What are the lines below, starting at the line containing "Certified 2025 Land" and ending at the line containing "Delaware Business Times"? Write them out exactly, ends included, without pictures.

■ Data section
════════════════════
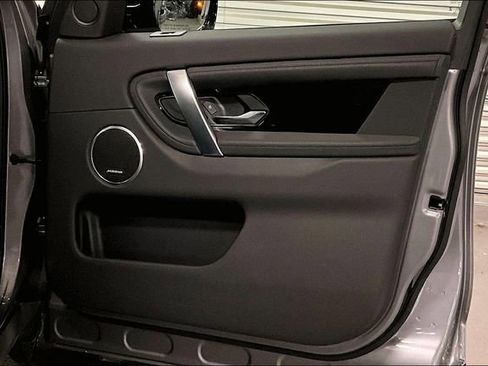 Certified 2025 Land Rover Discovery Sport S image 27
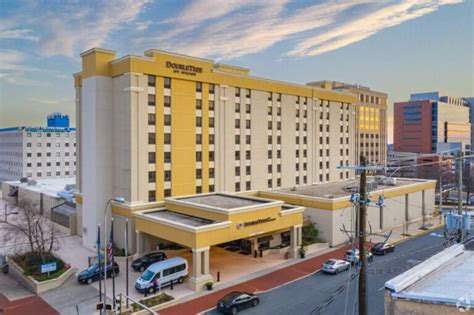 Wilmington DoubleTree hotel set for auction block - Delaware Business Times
════════════════════
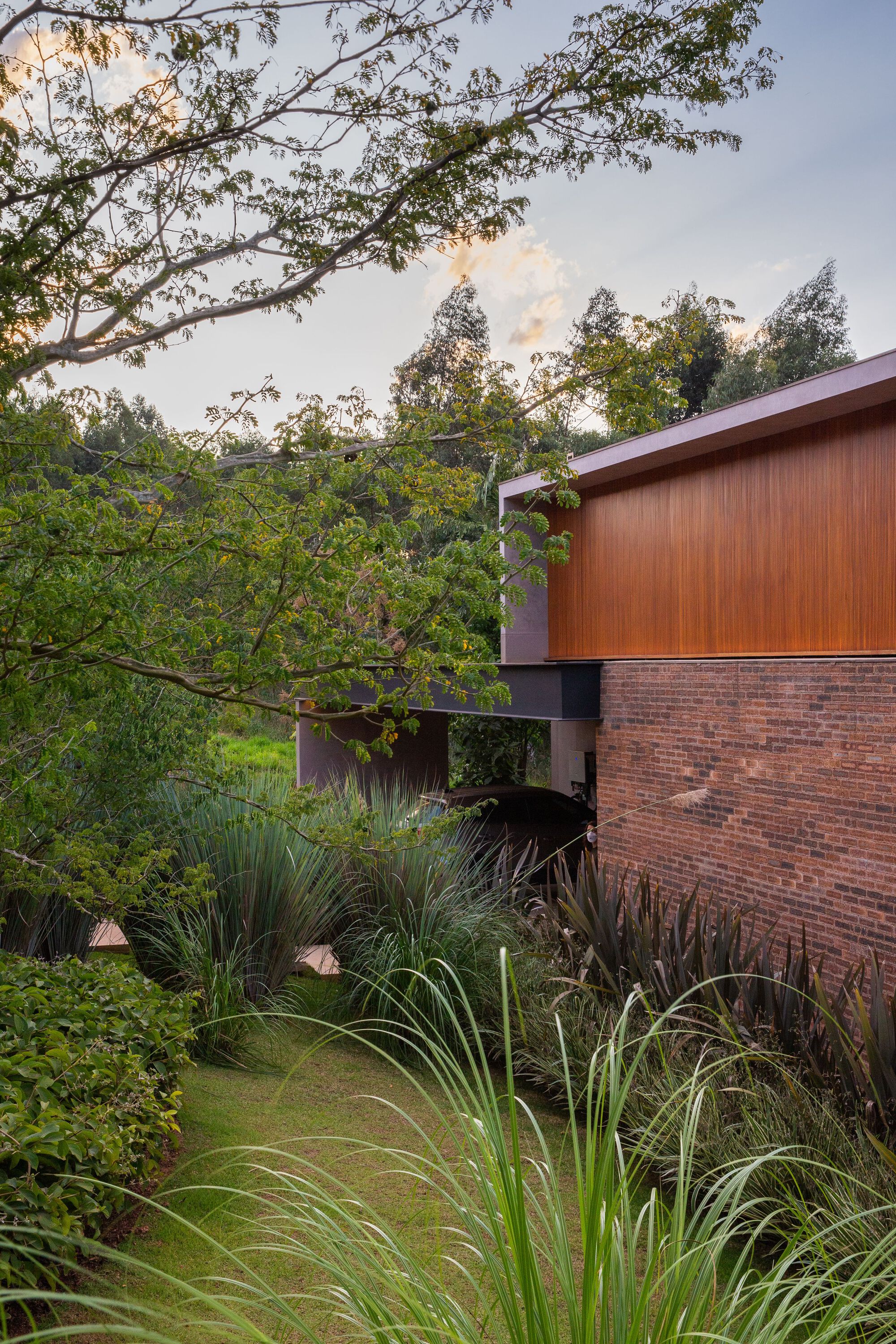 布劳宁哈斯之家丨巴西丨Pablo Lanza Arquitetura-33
════════════════════
■ Response to this task
 Certified 2025 Land Rover Discovery Sport S image 27
 Wilmington DoubleTree hotel set for auction block - Delaware Business Times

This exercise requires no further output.